Excerpted data:
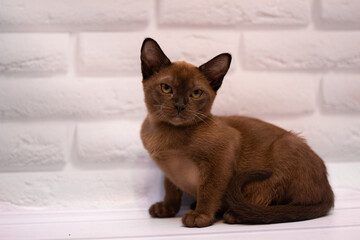 kitten scottish british cat burma munchkin animals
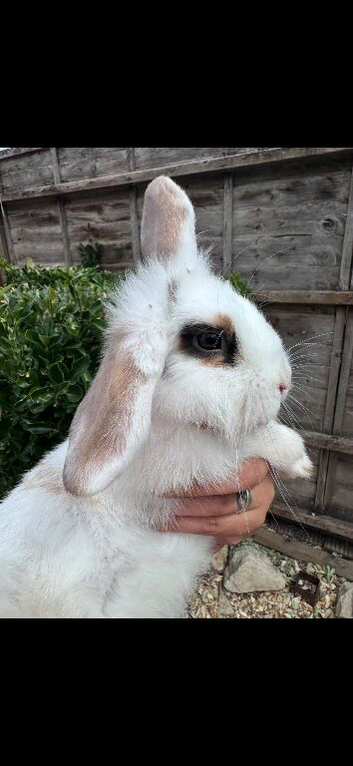 Lionhead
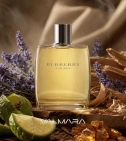 Imagen ambientada del perfume Burberry For Men Burberry 100 ML Hombre EDT con notas de Cedro, Lavanda, Bergamota, Ámbar. - VALMARA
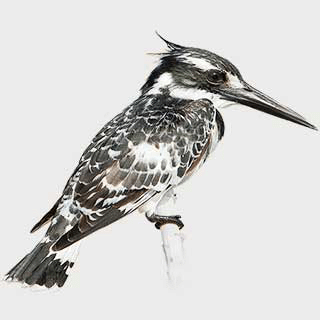 Pied Kingfisher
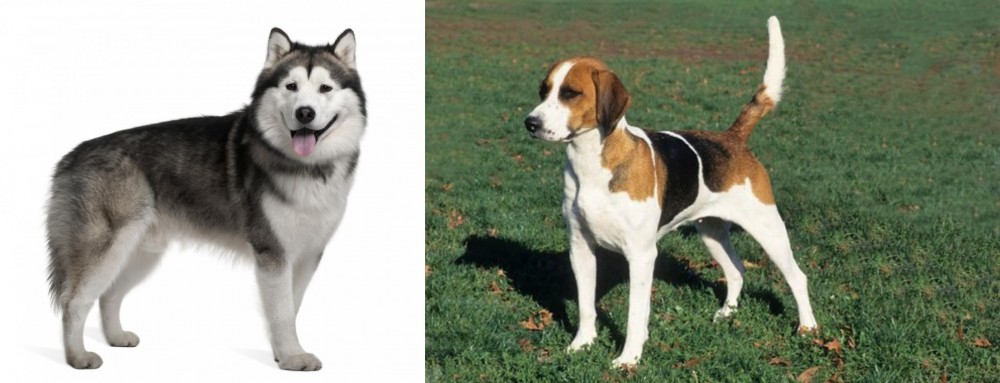 English Foxhound vs Alaskan Malamute - Breed Comparison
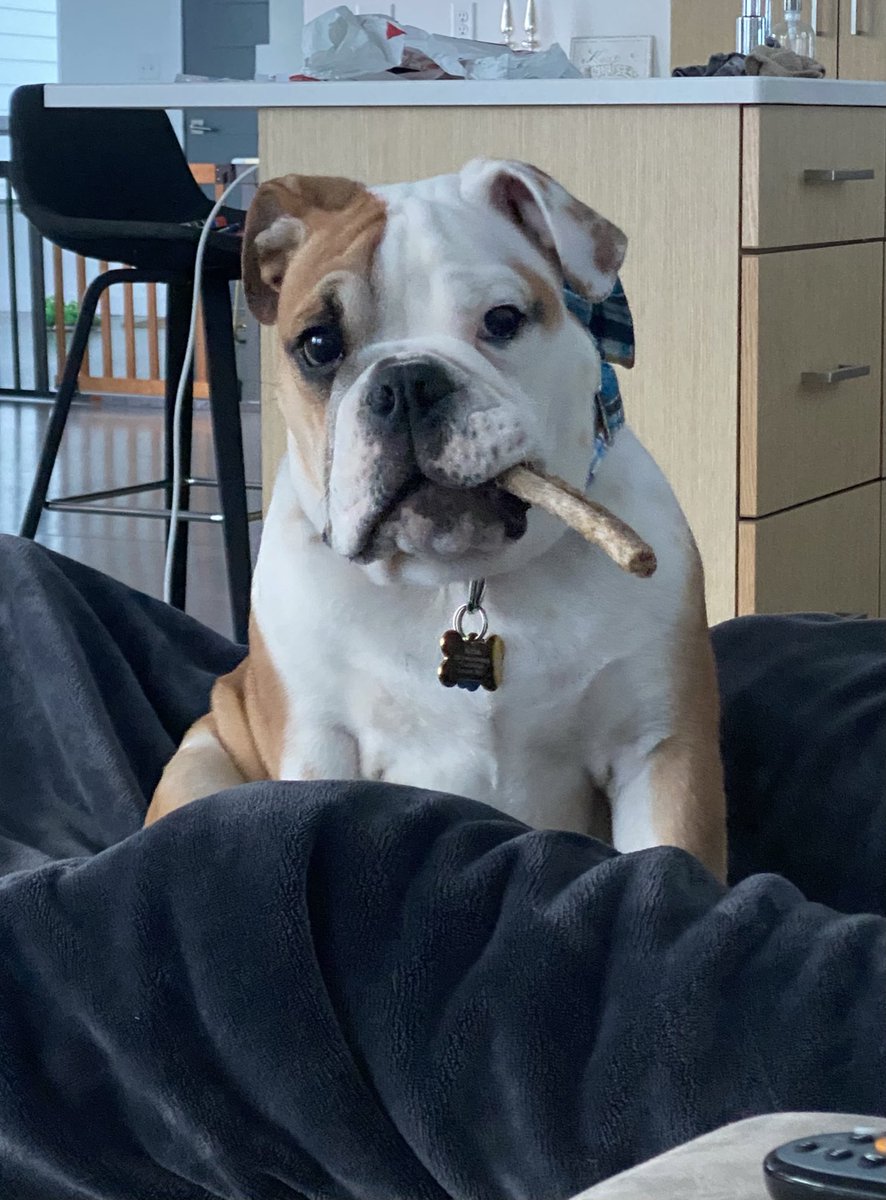 archie_bully's tweet photo. @BuschBeer Qualifications: refer to pic below. https://t.co/RXje8BlRrz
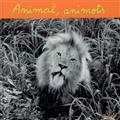 Animal, animots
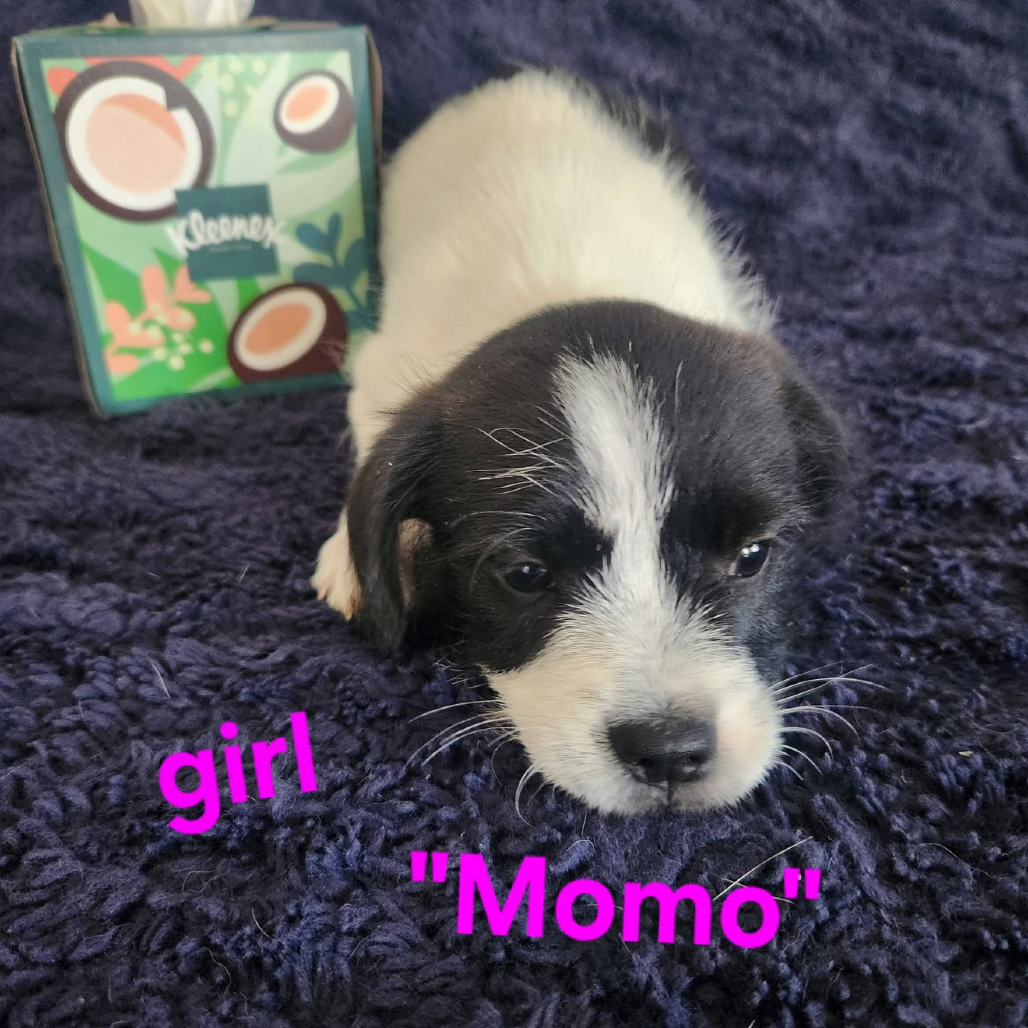 Momo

Your goal:
Whenever a picture appears in the listing, leave it out; copy everything else exactly.

Solution to this exercise:
 kitten scottish british cat burma munchkin animals
 Lionhead
 Imagen ambientada del perfume Burberry For Men Burberry 100 ML Hombre EDT con notas de Cedro, Lavanda, Bergamota, Ámbar. - VALMARA
 Pied Kingfisher
 English Foxhound vs Alaskan Malamute - Breed Comparison
 archie_bully's tweet photo. @BuschBeer Qualifications: refer to pic below. https://t.co/RXje8BlRrz
 Animal, animots
 Momo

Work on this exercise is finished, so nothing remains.